Dikonfirmasi oleh awak media BRNews Nasional kepada beberapa saksi, (EJ) yang juga merupakan orang tua kandung dari MJ.

Beliau menyampaikan rasa kekesalan dan rasa kecewa di akibatkan karena adanya permintaan sejumlah uang dan menurutnya sudah sangat berlebihan karena mereka merasa tidak sanggup dan tidak mampu untuk membayar atau memenuhi permintaan tersebut karena keadaan ekonomi mereka dalam keadaan susah.

“Kami orang yang susah (miskin), kami berharap mendapat bantuan dari Dinas DP3A untuk menyelesaikan dan memberikan solusi dari kasus ini karena yang sebenarnya kasus tersebut bukanlah penelantaran terhadap istri namun yang sebenarnya anak mantu saya yang telah meninggalkan suaminya dan keluar dari rumah,” ujarnya.

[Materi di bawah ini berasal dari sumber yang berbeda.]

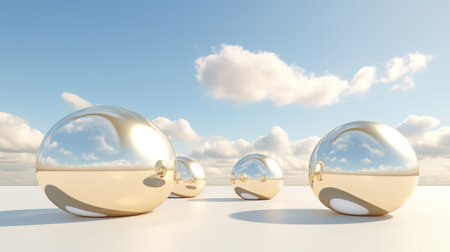 Generative AI, White and golden fantastic 3d clouds in the room interior, sky and landscape. Gentle colors and with bright lights.の素材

“Bahkan kami sangat mengharapkan anak kami saat mengajak pulang istrinya untuk ikut, dan seiring waktu kami pun berharap dan minta bantuan dari pemerintah kampung untuk dapat membantu memecahkan atau mencari solusi kasus ini tapi semua usaha yang kami lakukan hanya sia sia,” tuturnya.

“Jujur, paman dan orang tua MJ, sangat terkejut mendengar Kabid dari DP3A (RD) beberapa kali datang ke kampung kami dan meminta uang sebanyak Rp. 60 juta, Kabid (RD) sudah membuat draf dan telah menyusun kerugian yang di akibatkan kasus penelantaran ini,” tandasnya.

“Kami pun menduga bahwa tidak menutup kemungkinan praktek ini masih bisa terjadi dikasus yang lain oleh karena mengingat beberapa kasus sampai saat ini tidak jelas dalam penanganan dan penyelesaiannya,” pungkasnya.